Boras has been one of baseball’s most influential and successful agents for about 30 years, and it’s fair to say that he’s earned that reputation by ensuring that his clients are paid what they’re worth. Often, that does mean taking them to free agency, where teams have to bid against one another and a player can gauge their true market value. However, in the last decade, Boras has negotiated no fewer than eight contract extensions for clients prior to their reaching free agency, including some very relevant precedents for a theoretical Kirilloff deal.

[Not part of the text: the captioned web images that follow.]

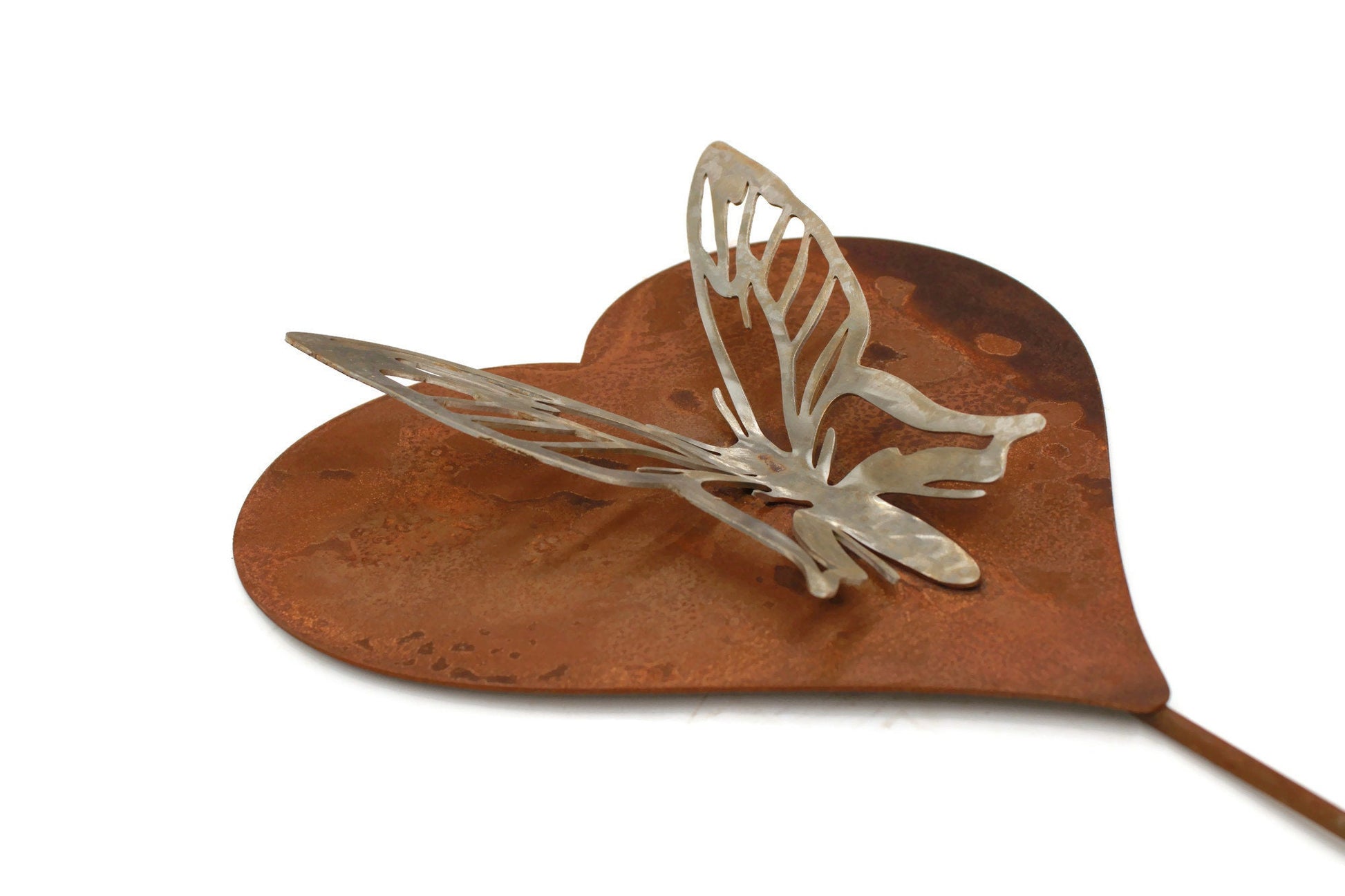 Rusty metal heart-shaped stake with stainless steel butterfly garden stake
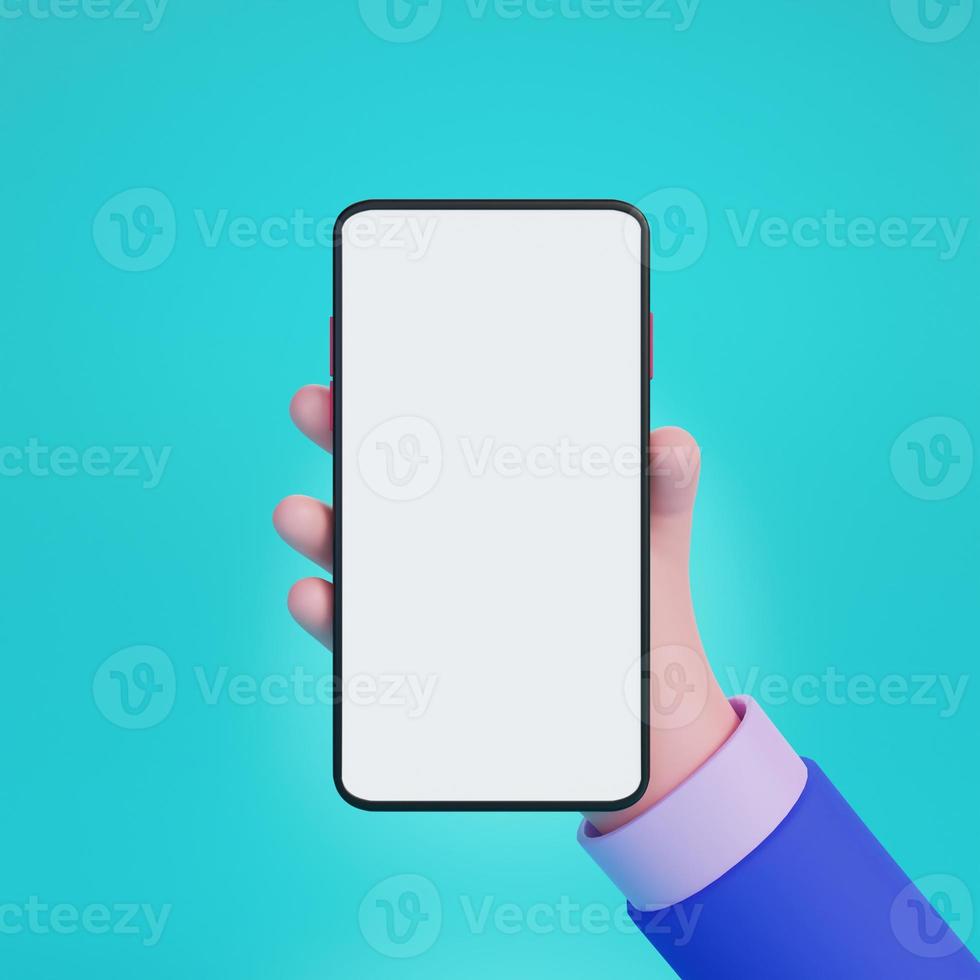 mão segurando o smartphone isolado em fundo azul, mão usando maquete de celular, conceito de comércio eletrônico. renderização em 3D foto
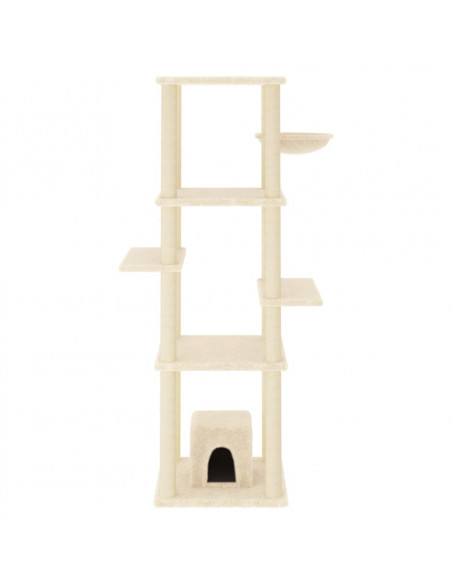 Albero per Gatti con Tiragraffi in Sisal Crema 154 cm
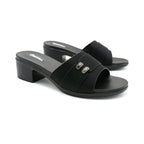 Sleek Black Block Heel Slide Sandal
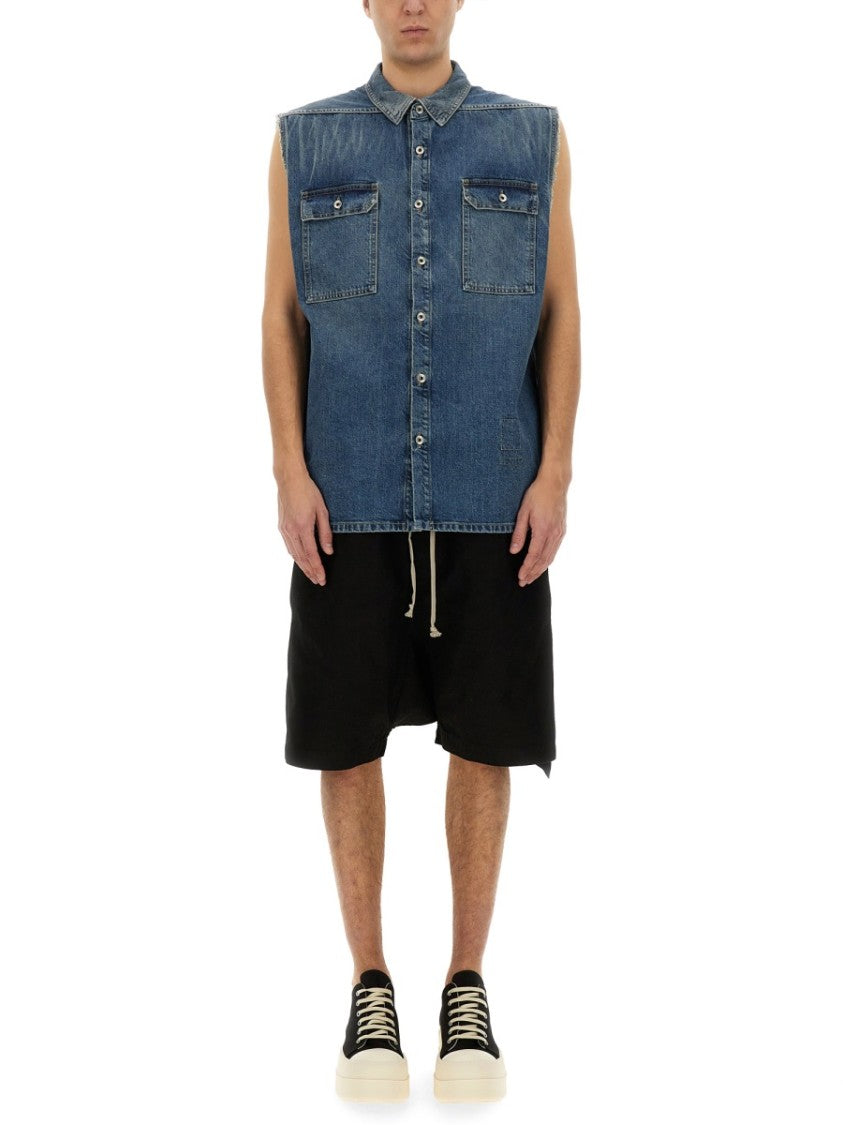 Sleeveless Denim Outer Shirt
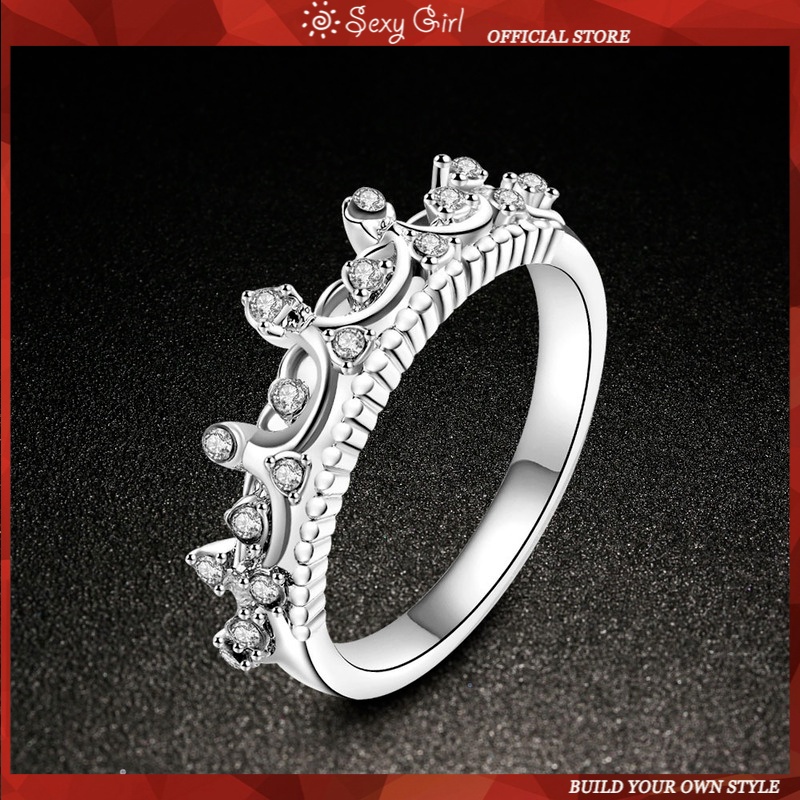 Nhẫn Hình Vương Miện Đính Đá Sang Trọng Phong Cách Hàn Quốc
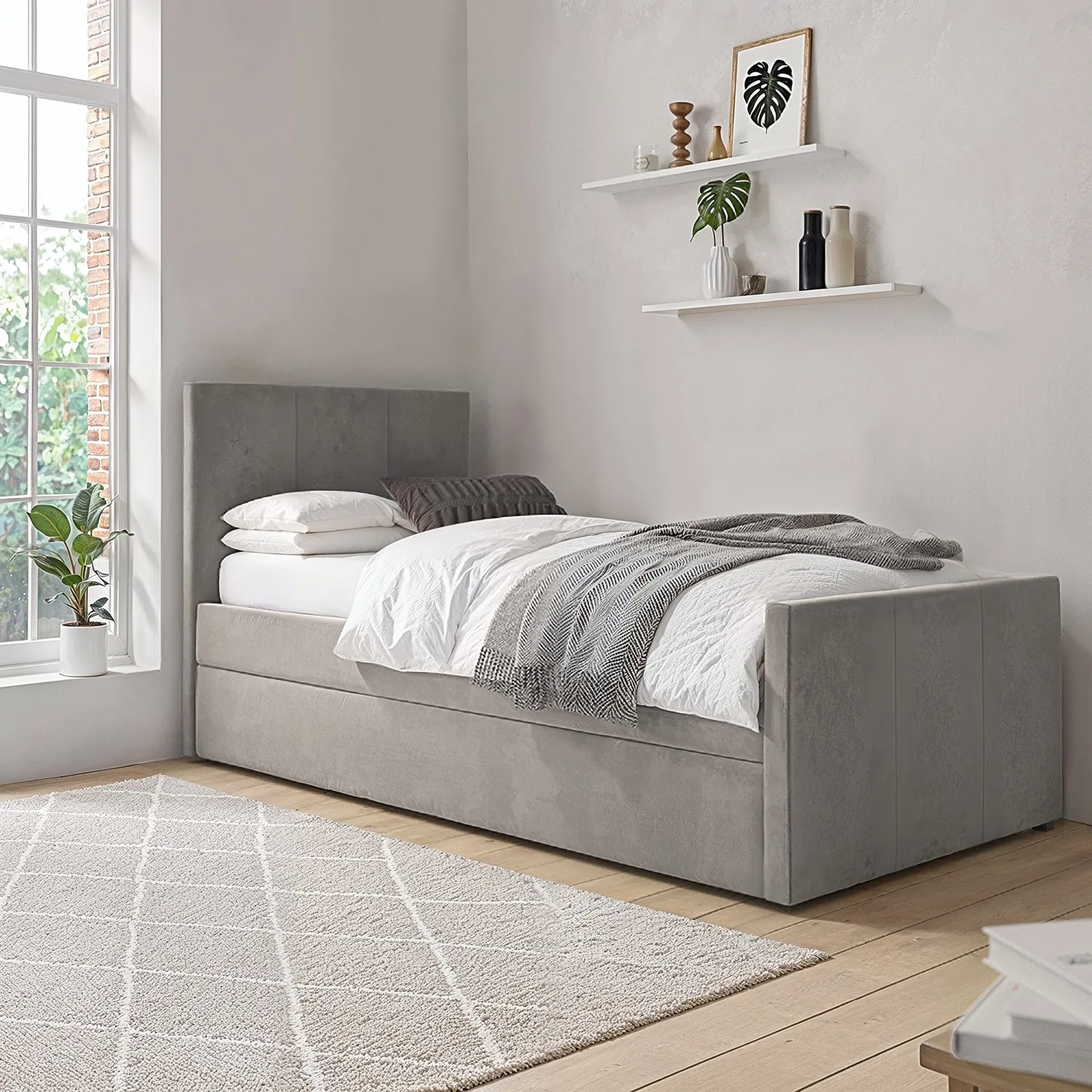 Single Bed with Trundle - Grey, Velvet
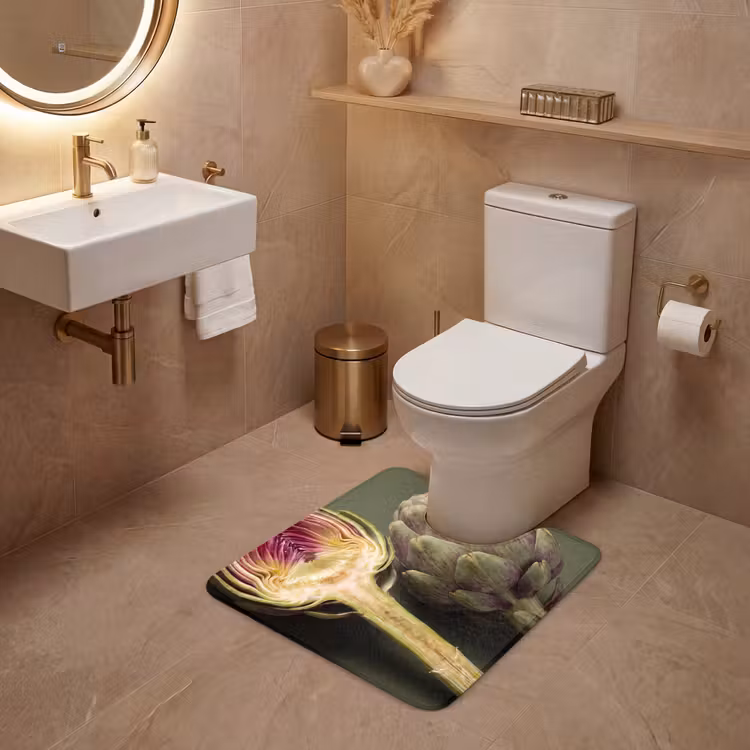 WC Vorleger - Artischocke – Violett – Lebensmittel - Artisjok - Paars - Voedsel WCmat U-uitsnede middel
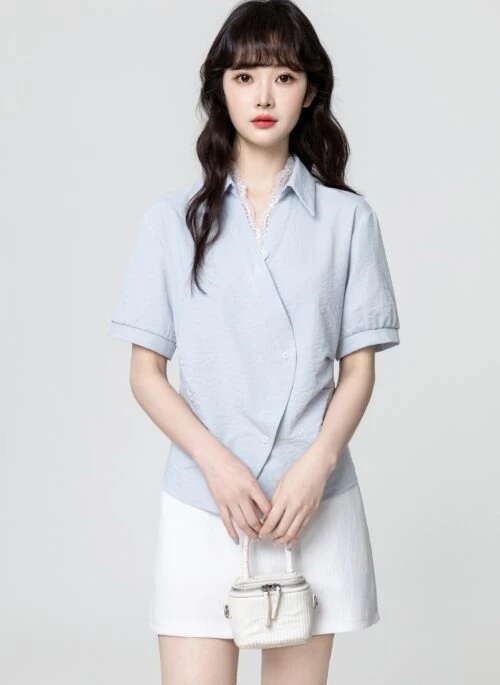Blue Vneck Irregular Patchwork Short Sleeve Tee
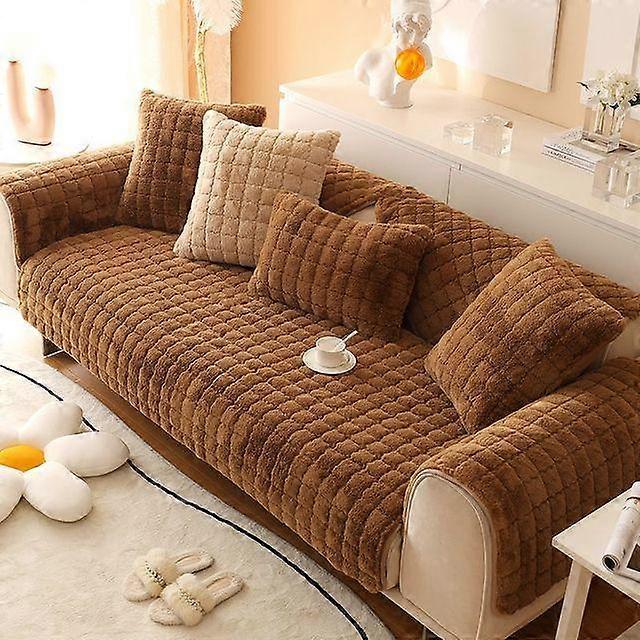 Super Soft Sofa Cover Non Slip Rabbit Plush L Shape Thicken Armchair Cover Couch Slipcover Furniture Protector Winter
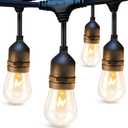 addlon 96FT(48FT*2) Outdoor String Lights Commercial Grade Weatherproof Strand, 36 Edison Vintage Bulbs, 30 Hanging Sockets 6 Spare Bulbs ETL Listed Decorative Christmas Lights for Patio Garden Black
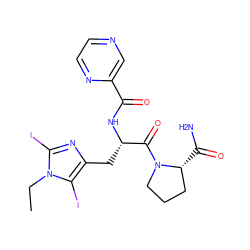 CCn1c(I)nc(C[C@H](NC(=O)c2cnccn2)C(=O)N2CCC[C@H]2C(N)=O)c1I ZINC000473086922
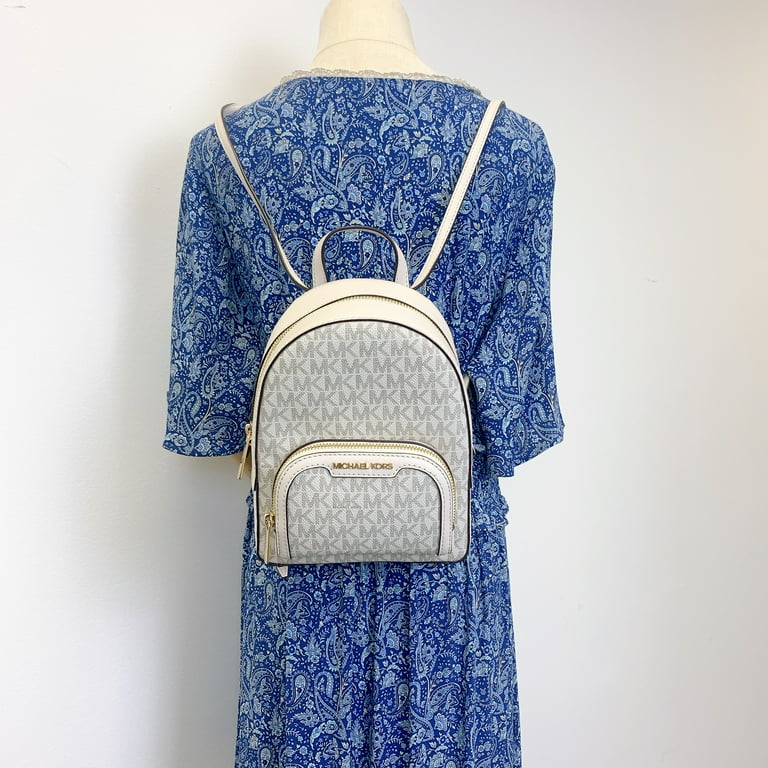 Michael Kors Jaycee Mini XS Light Cream PVC Small Bookbag with Zip Pocket Walmart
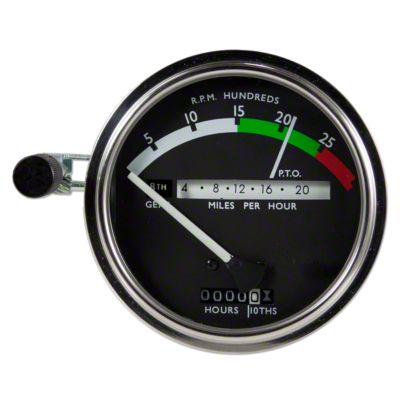 Tachometer with white needle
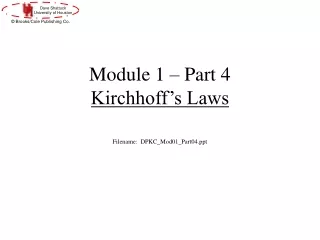 Module 1 – Part 4 Kirchhoff’s Laws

In early 2011, Boras and client Carlos González—an electrifying bat-first corner outfielder who batted left-handed—agreed to a seven-year, $80-million deal with the Colorado Rockies, when González was still four years from free agency. Later that year, just months before Angels pitcher Jered Weaver was due to hit free agency, he and Boras signed a five-year extension with the team.
In March 2013, Carlos Gómez and Boras agreed to a three-year extension to keep him with the Brewers, when he was a year from free agency. Weeks later, Boras and client Elvis Andrus agreed on an eight-year deal with the Rangers, when Andrus was still several years from free agency. In 2016, Boras client Stephen Strasburg signed an extension with the Nationals in May of what would otherwise have been his walk year.
More recently, Boras has negotiated long-term deals for clients José Altuve and Xander Bogaerts, each of whom was a year from free agency at the time. The idea that Boras is inflexibly averse to any pre-free agency deal is false and misleading.
If your preferred way of dealing with Kirilloff would be for the Twins to sign him to an immediate extension like the ones to which the White Sox inked outfielders Eloy Jiménez and Luis Robert, you’re doomed to disappointment. Boras has never signed a client up for a long-term deal before they reached two years of service time.
That’s not a problem, though. The Twins shouldn’t want to sign Kirilloff to such a deal so soon, anyway. As I wrote in advocating that he open the season on the roster, Kirilloff might not turn out to be worth keeping beyond 2026. The Twins will have a much clearer idea of his value in a couple of years, just as he will. The team will also be able to use that time to determine what they have in Trevor Larnach, what Max Kepler’s aging curve will look like, and whether Kirilloff’s long-term defensive home is in the outfield or at first base. All of that is relevant—even crucial—in setting the price at which an extension would make sense.
If they do decide that Kirilloff is extension-worthy, be it in late 2022 or early 2026, there’s every reason to believe that Boras and Kirilloff will be receptive to conversations about such a deal. None of the examples cited here involved teams that had overwhelming leverage over the player in question. The special circumstances that allowed each deal to fruition weren’t all that special, really. In each case, a team demonstrated a serious (beyond monetary) commitment to both the player themselves and building a winning team around them. In each case, their offer reflected that fact, such that (while the terms can still be characterized as team-friendly) Boras could confidently sign off on his client’s choice. In each case, the player responded to the team’s behavior by wanting to stay, which helped ensure both sides would do what was needed to finish the deal.
This is what we should want from all parties, when it comes to building lasting relationships between teams and their young players. The Twins have been one of the league’s model franchises in just this regard, especially over the last two years. Vilifying Boras for his style is silly; using Kirilloff’s choice to retain him as a reason to manipulate his service time is a red herring.
This team, this player, and this agent can easily find common ground, if and when the time comes. In the meantime, the Twins should make the decision that maximizes their chances to win a close division in 2021, and the one that gives them the best chance to evaluate their options for the longer term.